Les scientifiques vous diront que les qualités aromatiques des feuilles de thé se développent quand la plante est stressée : par un important écart de température entre le jour et la nuit, par le vent et les brumes, par les fortes pluies et même par l’attaque de certains insectes. Bien sûr, ces plantes doivent avoir un patrimoine génétique riche et à fort potentiel, que l’on trouve surtout dans les théiers d’origine chinoise, à petites feuilles.
Pour les thés des altitudes, c’est généralement la reprise de la végétation après l’hiver qui produit les meilleures cueillettes, nommées First Flush au Darjeeling, que l’on récolte pendant 4 semaines environ de mars à avril. La deuxième récolte ou Second Flush qui intervient en début d’été est également très appréciée des amateurs, alors que pour les deux récoltes suivantes la richesse en saveurs des feuilles plus matures va diminuer progressivement. Dans le sud, les thés des Montagnes Bleues s’apprécient particulièrement en cueillette tardive, nommée « frost teas » ou thés des frimas.
En France, on trouve une superbe sélection de thés de l’Inde, et particulièrement en provenance du Darjeeling, souvent importés en direct par des négociants et maisons de thé avisés qui se déplacent en Inde chaque année pour dénicher des thés d’exception pour leurs clients. Lors de l’achat, il est conseillé de demander la région et la saison de la récolte, le plus souvent précisées en détails dans les catalogues et sur place dans les comptoirs.
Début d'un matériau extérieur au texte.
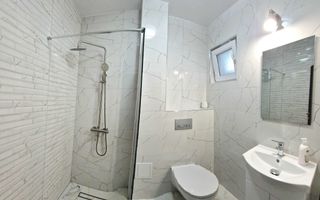 Apartament 3 Camere, Cetate, Recent Renovat - Poză 3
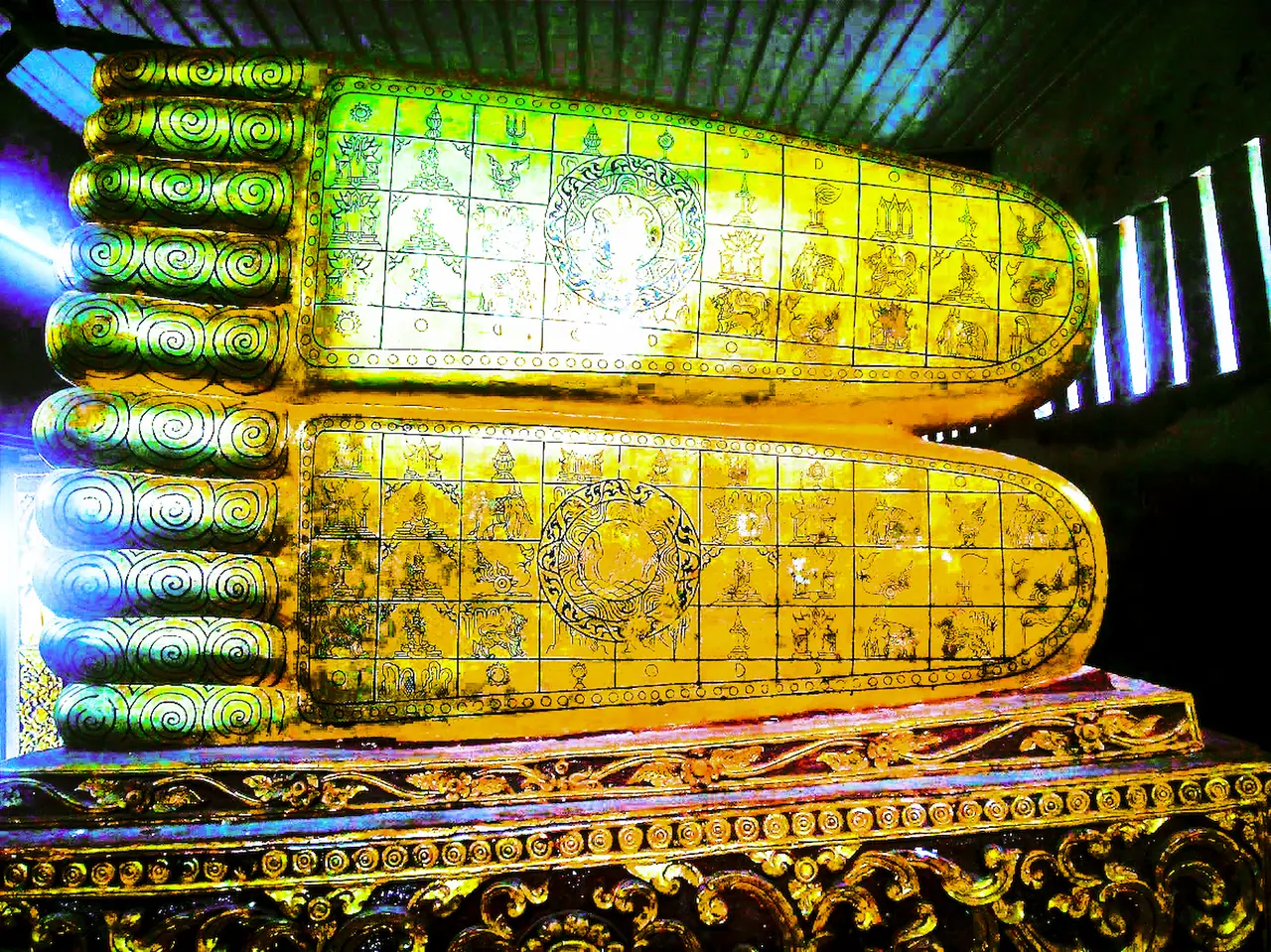 ฝ่าพระบาทปิดทองของพระพุทธไสยาสน์ที่วัดพระนอน เมืองแพร่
Assurez-vous que la feuille sèche dégage un parfum frais et typé et contentez-vous d’une première emplette de 50 g ou de 100 g, pour tester si la tasse vous séduit totalement. Un thé aux feuilles bien foncées et donc fortement oxydées sera infusé avec une eau proche de 100° pour 3-5 minutes ; des feuilles plus claires aux teintes brun-vert vous donneront d’excellentes tasses à 85°-90°. Rien ne vaut une petite expérimentation de mise au point par vous-même, avec votre matériel d’infusion et votre eau habituelle.
Notons qu’en Inde le thé se boit bouilli dans un lait agrémenté d’épices et fortement sucré : c’est le chai. Proposée en tasse, bol d’argile ou en verre c’est une boisson vraiment roborative ! Les thés fins et en feuilles de l’Inde que nous achetons en Occident se dégustent surtout natures, ou alors agrémentés d’un nuage de lait ou d’un quart de citron.
Considérant qu’il y a 87 grands jardins nommés au Darjeeling, une quarantaine de plantations nommées dans les Nilgiris et également des jardins de qualité en Assam, l’Inde vous offre un vaste univers de thés fins à explorer. Sans oublier les incontournables thés noirs CTC de l’Assam qui contribuent à toutes les nombreuses compositions de « break fast tea ».